Income tax issues I had absolutely wonderful, local help with by way of the all‑volunteer individuals, the VITA folks, of the federal Voluntary Income Tax Assistance program whose giving‑back service to their communities consists in establishing free‑aid clinics at the local libraries temporarily. One person, in particular, I so appreciated because of his patience, his reliability and his background. A farmer like AmTaham except for the three tax‑preparation months every winter, Mr. McCay spoke deliberately and fairly; he delivered his wisdom and advice with the utmost of kindness. And showed up. He was there at a tiny, quiet study room in the back of the public library every single time that I, in particular, needed him to be.

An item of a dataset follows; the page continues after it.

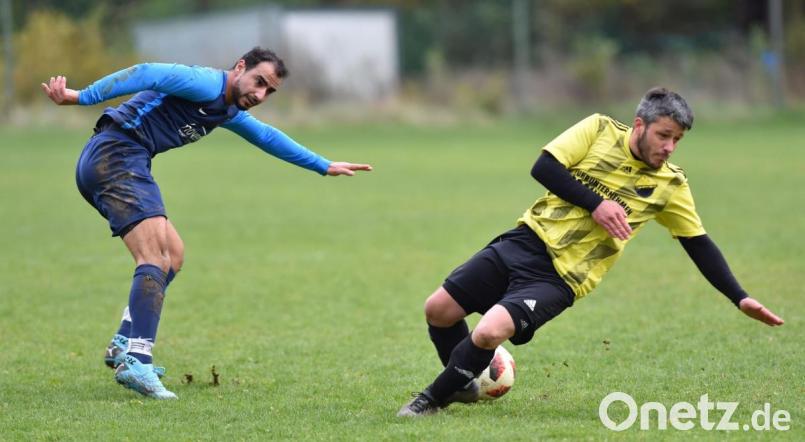 Der FC Vorbach kassierte im Spitzenspiel der Kreisklasse West seine vierte Saisonniederlage. Mit ihrem 1:0-Sieg machte die SpVgg Windischeschenbach das Rennen an der Tabellenspitze wieder ein Stück weit spannender. In dieser Szene schießt der Vorbacher Haroun Kahouli (links), SpVgg-Verteidiger Markus Seitz blockt den Schuss ab. Bild: A. Schwarzmeier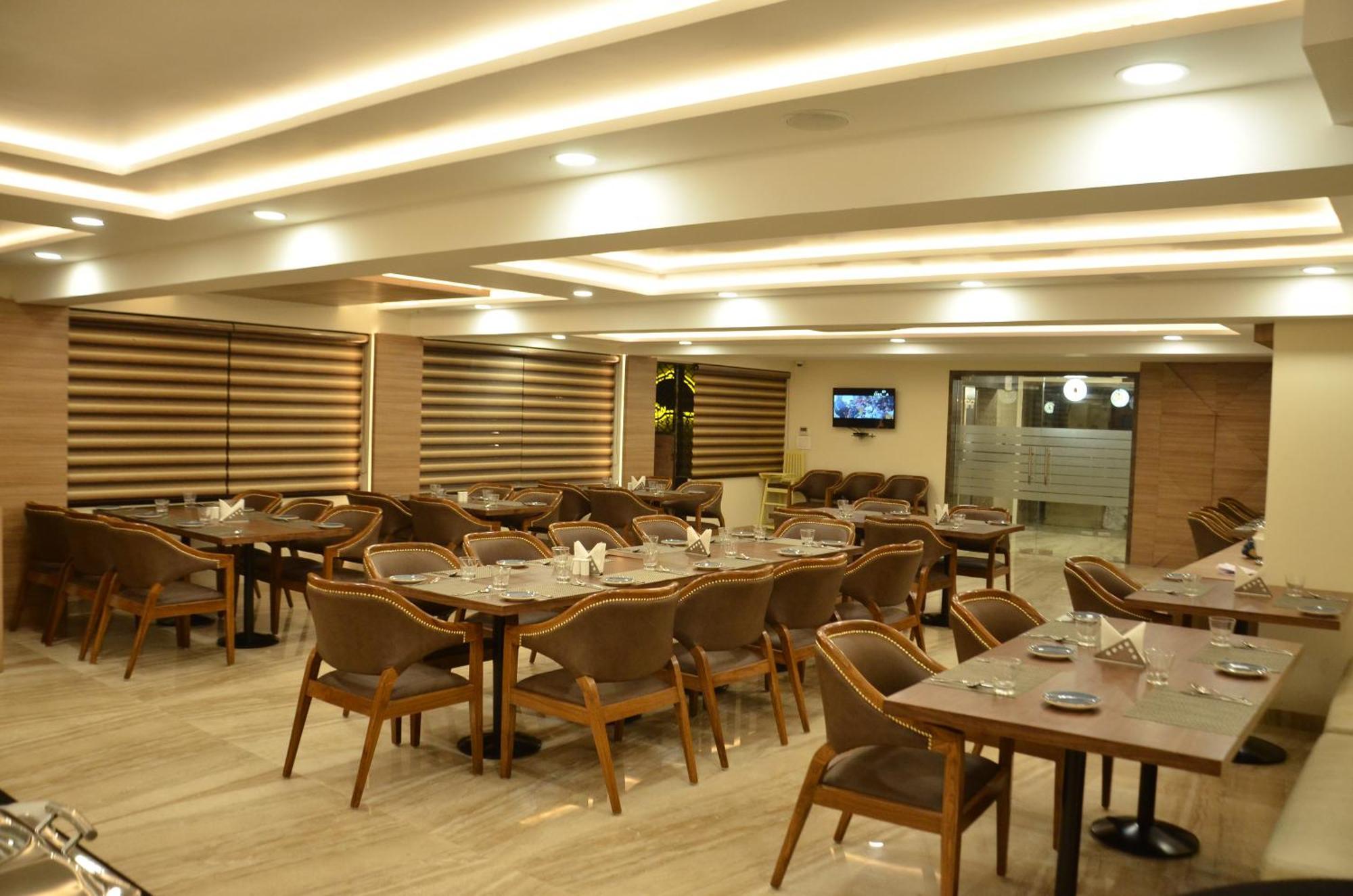 Hotel The Ved Mantra Gwalior Exterior foto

Doctors I never saw except for the regular monthly med‑checks with Dr. Singh after first having my blood analyzed for its level of lithium; that was the entire extent of my seven‐ or eight‑minute walk into and back out of his office, actually a room he borrowed twice a week at the county’s local outpatient mental health agency. There I told Dr. Singh on a couple of occasions that I thought he and I were both “suspect,” I the alleged nut case and he the East Indian‑born and ‑trained psychiatrist and, therefore, not by western measures and standards to be taken by us Americans, most particularly by those who are his colleagues and counterparts in any of the human medical specialties, as vastly knowledgeable and as seriously competent as the physicians of European and Caucasian descent. He quite agreed with me!––that we both were, indeed, suspect––and smiled a lot. I liked him, also a lot; and, for what he did whether for me or for others, well, Dr. Legion True thought him most competent and most knowledgeable. He used to travel up to Ames from his job down in Des Moines at a charity cases’ hospital emergency room where I’ll bet Dr. Singh does a lot of … good things … for really, really poor people: poor in dollars––––and especially poor in their spirits, too.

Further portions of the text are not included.